Rounds: “It’s happening. You hear folks complain about this Omnibus bill, The Omnibus bill was bad, but we got results. There’s $26 million in that Omnibus bill for that laboratory. $10.5 million goes into the LUX-ZEPLIN. The other money is being shared. There’s other money coming from Fermi Lab because the big, huge receptacles for the long baseline neutrino experiment (LBNF/DUNE), that’s being funded. We’re shooting energy streams under the earth from Chicago to 4,850 feet under the ground here. This is a long term project. Here’s the neat part. They need lots of kids involved with this stuff. You’re going to have kids that are going to learn about neutrinos … they’re going to learn about things like dark matter. They’re going to learn what neutrinos are and what the different flavors are, why it’s important and what it is about neutrinos that might play a part in discovering what 75 to 80 percent of what the entire universe is made of. This is basic stuff, but included in it is some really important stuff about different forms of energy. This is the place in the United States that they’re going to be doing those things. So it’s a direct line in to our kids actually competing with and being part of helping some of the greatest minds not just from American universities, but from universities throughout the world. This is our connection with Geneva. This is where the big super-collider’s at. They’re doing some stuff right now, but we’re doing the same stuff over here. We’re competing with them. I think we’ve got 400 people up there working full-time right now. It’s good stuff. Kids, would they ever know they could compete with anyone in the world if they didn’t have that chance? Our kids are sharp, but they have to have an opportunity. This is that gateway in. So, am I high on it? Yeah. We made bipartisan, multistate connections that they go past the party lines to fund it.”
Pioneer: What else?
Rounds: “The other part of this that is of interest, folks, is Ellsworth. We are working hard to make sure we’ve got every chance to protect it. It is very important long-term for U.S. Security. We did just get $23 million for a new dormitory because they needed that. The MQ-9 Reaper, which is being flown in and out of here, that is the drone and the B-1B, both of those have upgrades coming and more of them coming in terms of the MQ-9. The B-1Bs are being upgraded with equipment, all of which is found in the EEA and the authorizations are there.”
Pioneer: Should Ellsworth or the Air Guard facility in Sioux Falls be home to the F-35s?

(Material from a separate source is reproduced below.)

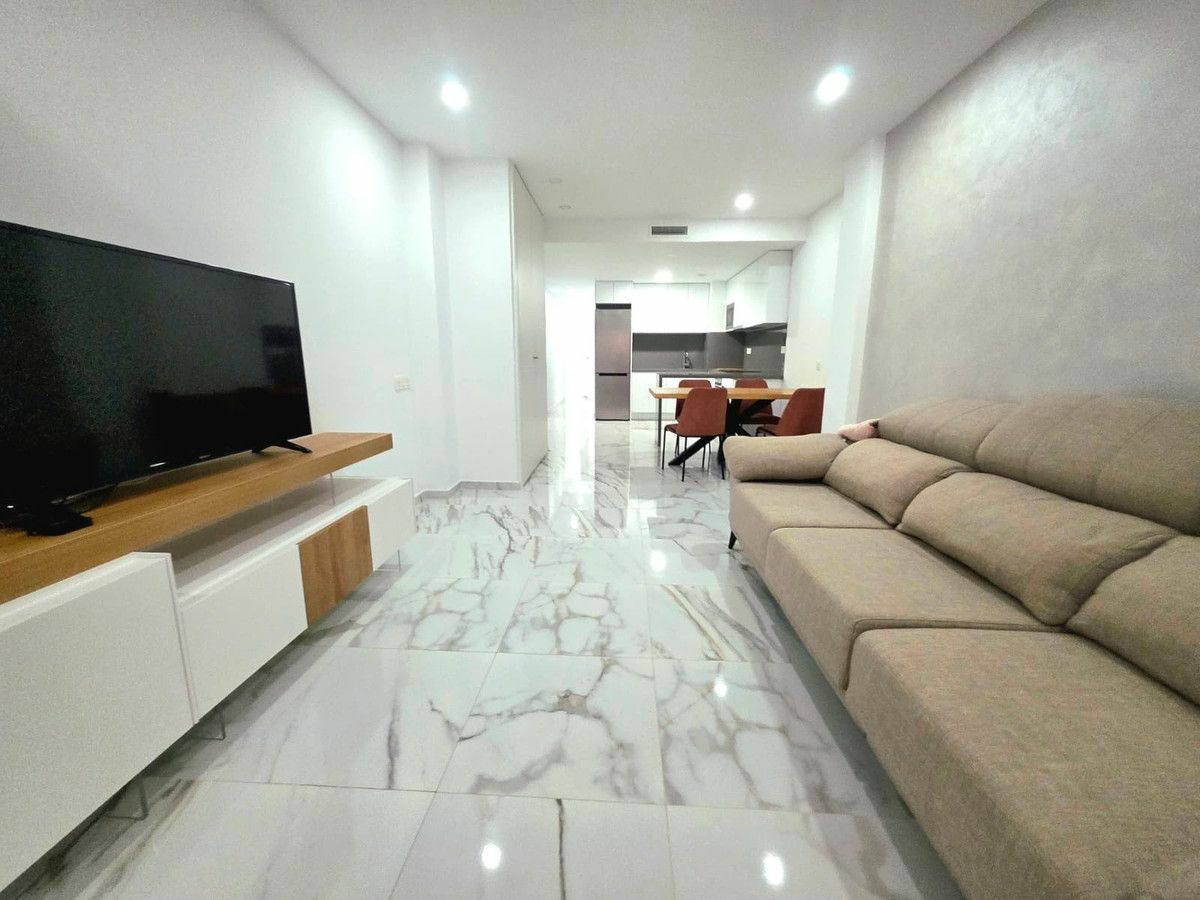2-bedroom Apartment In Torrevieja, Spain (100 M²)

Rounds: “The F-35s should be in Sioux Falls. The F-16s will be phased out. The F-35 is the replacement for the F-16. We’ve already suggested and we’ve already sent to the air force our inquiry as to please seriously consider — we are in support — local, state, and national — we are in support of having the F-35s in Sioux Falls. They are bigger. It has got the most advanced electronics of any fighter plane in the world. It has got some of the most advanced stealth capabilities of any fighter in the world.”